(g)rêve général(e). Matthieu Chatellier et Daniela De Felice, 2008, 95 minutes.
En 2006, les étudiants se révoltent contre le projet de loi instaurant le CPE (Contrat Première Embauche) perçu comme la précarisation de leur avenir professionnel. Ils occupent les universités partout en France. Le film de Matthieu Chatellier et Daniela De Felice ne cherche pas à rendre compte de l’ensemble de cette lutte. Il se focalise sur un seul lieu, Caen, dont les universités sont bloquées. Une lutte filmée de l’intérieur, au côté des étudiants, partageant leurs préoccupations actuelles et leurs inquiétudes sur l’avenir.

Un film de lutte, donc. Nous suivons l’organisation du blocage, les comités qui gèrent les lieux pour dormir, les repas, la rédaction des communiqués à la presse et des tracts pour les manifestations. Un travail effectué souvent dans l’enthousiasme, surtout au début. Les étudiantes et les étudiants qui sont là n’hésitent pas à présenter leur position à la caméra. Des prises de paroles souvent très réfléchies, argumentées, manifestant un engagement sincère. Beaucoup sont près à aller jusqu’au bout.

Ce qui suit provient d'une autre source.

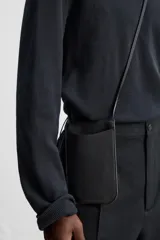 Bolso bandolera negro de cuero con bolsillo plano frontal y correa larga del mismo material.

Et puis il y a les assemblées générales, dans des amphis pleins à craquer et où il est parfois difficile de se faire entendre. Mais la prise de son est ici particulièrement efficace et nous pouvons très bien suivre ces déclarations pleines de conviction souvent applaudies généreusement. Pourtant, des désaccords voient très vite le jour, en particulier sur la poursuite du blocage. Un nombre de plus en plus important d’étudiants veulent reprendre les cours pour pouvoir avoir des chances de réussir leurs examens. Le référendum organiser leur donne d’ailleurs la majorité des votes. Mais ceux qui ne veulent pas renoncer à cette forme de lutte vont s’appuyer sur le nombre important de non- participation au vote pour poursuivre le blocage.

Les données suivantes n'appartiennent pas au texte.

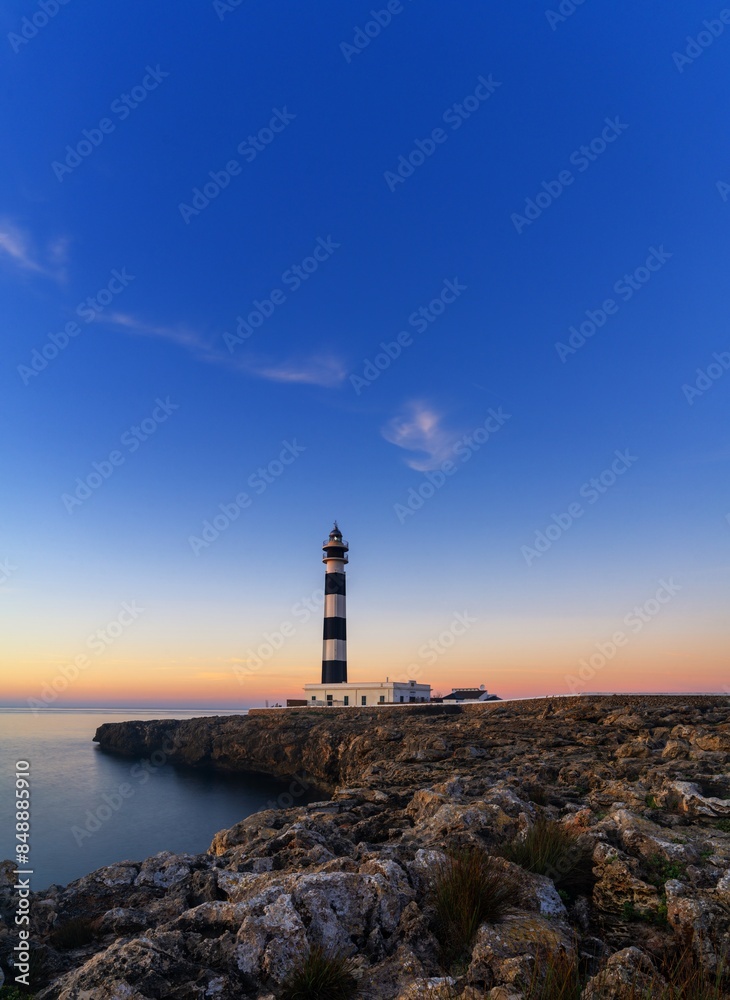 vertical view of the landmark Cap d'Artrutx lighthouse on Menorca Island just after sunrise vertical view of the landmark Cap d'Artrutx lighthouse on Menorca Island just after sunrise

Si la majorité du film se déroule à l’intérieur des bâtiments de l’université, il n’était pas possible de ne pas filmer les manifestations en ville. Les premières se déroulent sans encombre, mais très vite nous assistons au traditionnel face à face avec les forces de l’ordre. S’il y a bien des coups de matraque – une jeune fille est blessée – et des grenades lacrymogènes, la violence n’atteint pas le degré de celle filmée lors du mouvement des gilets jaunes ou même des nuits des barricades au quartier latin en mai 68. On ne voit jamais un étudiant lancer des pierres sur les CRS. Pourtant, dans les bâtiments occupés, la vigueur mise à consolider la fermeture des portes prouvent leur détermination.

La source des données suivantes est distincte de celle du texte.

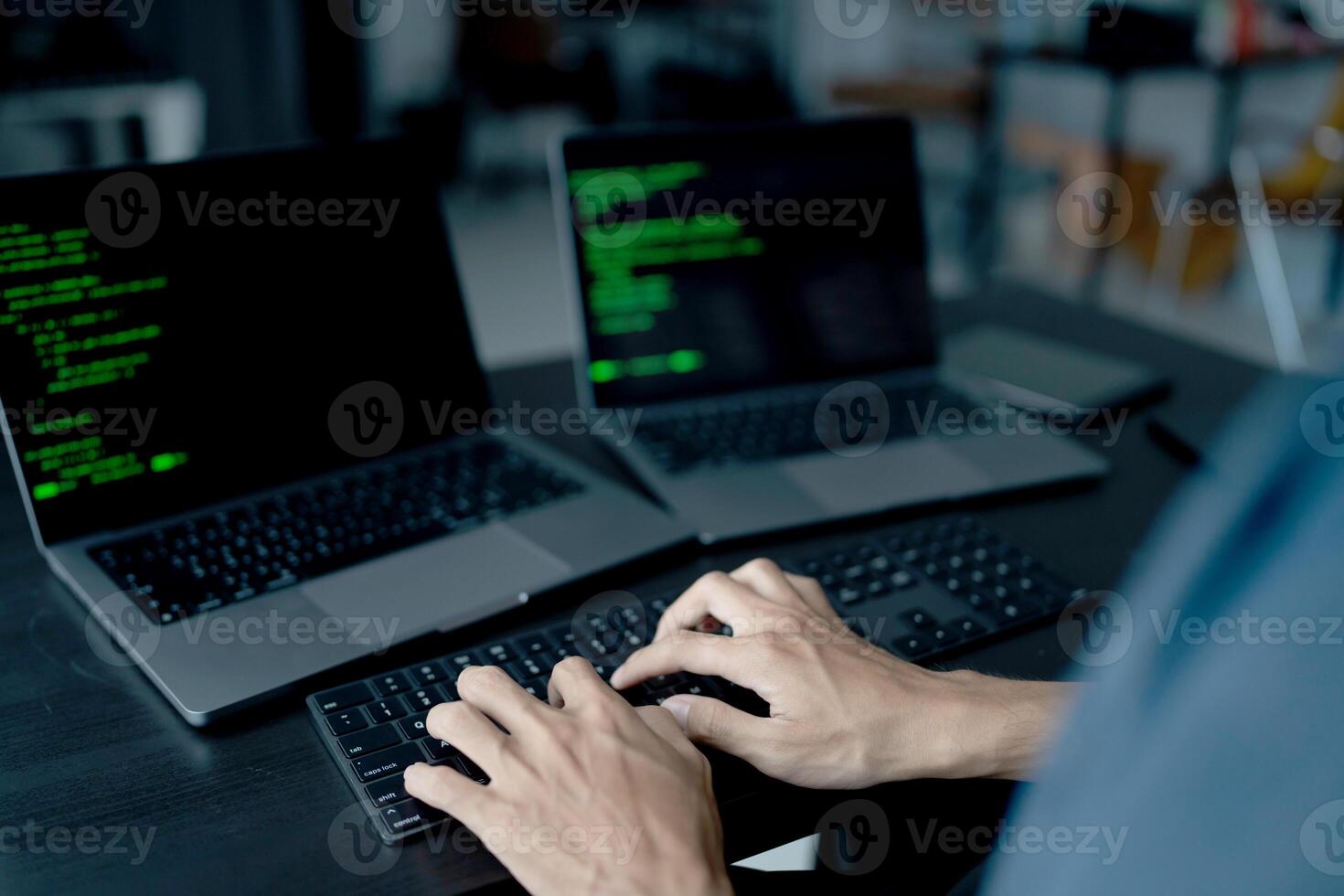 Asian man software engineer Working on Computer at office desk for writing program code IT Software Engineer finding errors tech support devops creating digital photo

En voyant le film, aujourd’hui ou même l’année de sa réalisation, le spectateur n’a pas de doute sur l’issue du conflit. Il est pourtant construit pour ménager un certain suspens, ponctué par les interventions télévisées du Président de la République ou du premier ministre. Mais c’est surtout la fin du blocage qui traine en longueur. Des étudiants expriment même leur rancœur « tout ce qu’on a de la république, c’est les CRS et les lacrymos ».

Pourtant la dernière séquence – sur le toit de l’université où il s’agit d’enlever le drapeau de corsaire qui était devenu un des symboles de la lutte – n’est pas totalement gagnée par la tristesse, malgré le son du sax qui accompagne cette cérémonie. Le film a montré des étudiants conscients des difficultés de la lutte et, malgré de titre, plutôt réalistes. Sil y a de l’utopie dans certains de leurs propos – concernant l’autogestion par exemple – ce n’est pas vraiment un appel au grand soir. Leurs revendications sont plutôt concrètes et immédiates, comme l’arrêt de la surconsommation. L’époque n’est pas encore sensibilisée au problème du climat. Si l’avenir est inquiétant, c’est surtout au niveau des problèmes d’emploi et de chômage. Les consciences politiques restent encore marquées par le clivage gauche / droite. L’écologie en est la grande absente.
Un document inestimable sur les luttes étudiantes en France. Un film d’une grande sensibilité sur une jeunesse dont l’aspiration au changement est particulièrement stimulante.